Tuesday, 20 July 2010
22 July 1944
66 years ago, the most well-known plot to kill Hitler and carry out a coup, was attempted - and failed. If Stauffenberg had remained with his bomb to ensure its effectiveness, sacrificing himself, it might have worked. But it was thought necessary to use him in Berlin for the aftermath - with fatal consequences, since (it is thought) the briefcase containing the bomb was moved after he left. No other plan ever got as far as this, apart from Georg Elser's one-man-show in 1939, which missed Hitler by 20 minutes, and a bomb smuggled on one of Hitler's aircraft in 1943, which failed to explode.
It is true that some of the participants were part of the old military and Prussian aristocratic elite, with some rather odd ideas about where Germany should go once the Nazis had been gotten rid of. Some had influential posts in the military and justice system, and had no qualms, for instance, about having deserter shots. But they were by no means the only ones involved. There were trade unionist, social democrats, dedicated civil servants in the liberal tradition, and so on.
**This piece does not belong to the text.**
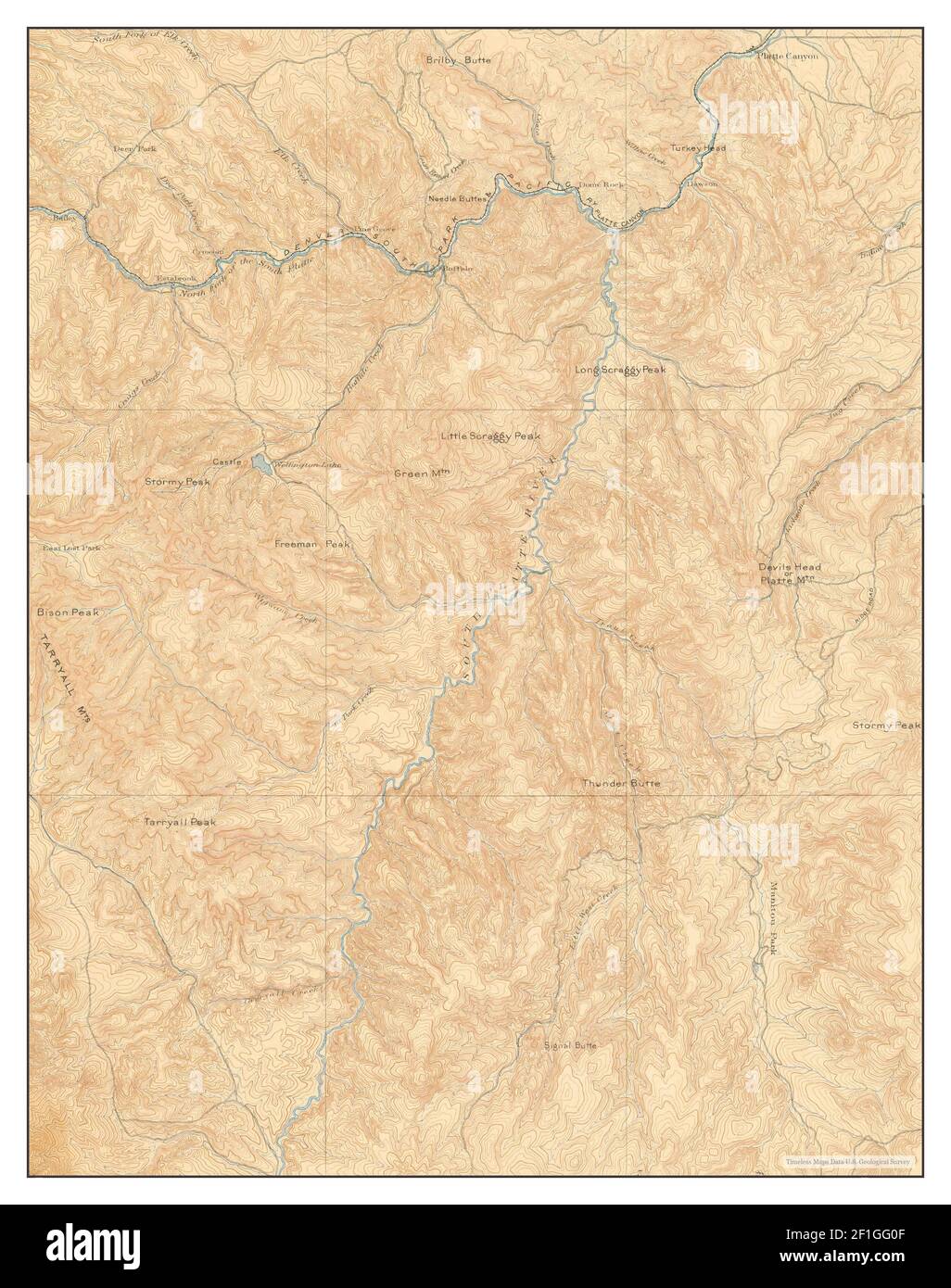 Map of platte hi-res stock photography and images - Alamy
No doubt it did not help that the Allied forces had no interest in co-operating with or even encouraging a coup. The British foreign minister, Anthony Eden (who had been told about the plan in 1942 by Bishop George Bell), apparently thought of the coup plotters as traitors and told Adam Trott, the courier, that no encouragement could be given unless the plotters revealed themselves and offered a visible sign of their intentions. It is hard to think of something more naive than that. By the same token, Churchill's speech in the House of Commons in August 1944 grossly and perhaps deliberately misinterpreted the events of the 20th of July as in-fighting among the Nazi-elite.
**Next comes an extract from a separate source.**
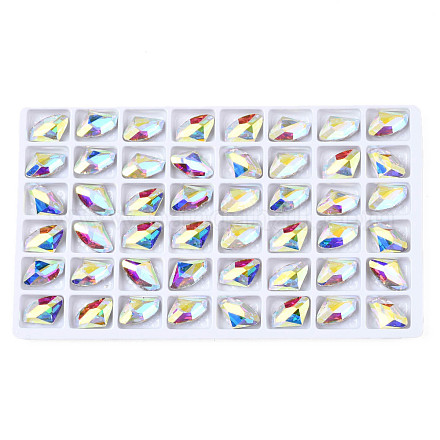 48 Stück Glas-Strass-Cabochons MRMJ-N029-03-12-1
Hitler used the attempted coup to have many thousands of dissidents, whether involved in the plot or not, murdered. A new way of hanging was used: hanging on a butcher's hook, being slowly throttled to death by a piano wire. Hitler had some of the murders recorded on film. Others died, in ways no less cruel, by guillotine or bullet.
Dietrich Bonhoeffer, Alfred Delp, and other Christian martyrs were among those who died. In one of the preparatory meetings, Dietrich Bonhoeffer had been asked by his friend and fellow 'plotter', Hans von Dohnanyi: what about Matthew 26:52? After all, this plot had a real chance to succeed, and could have brought an end to the murderous regime. 'Yes', said Bonhoeffer. Mt 26:52 applies. The consequences have to be born by those who commit the sin. Guilt has to be accepted, as well as its consequences. There is no simple 'right or wrong'. (J. W. de Gruchy, Daring, trusting spirit: Bonhoeffer's friend Eberhard Bethge, London: SCM, 2005, p. 46)
And hence they went to their deaths.
May the souls of the faithful departed, through the mercy of God, rest in peace.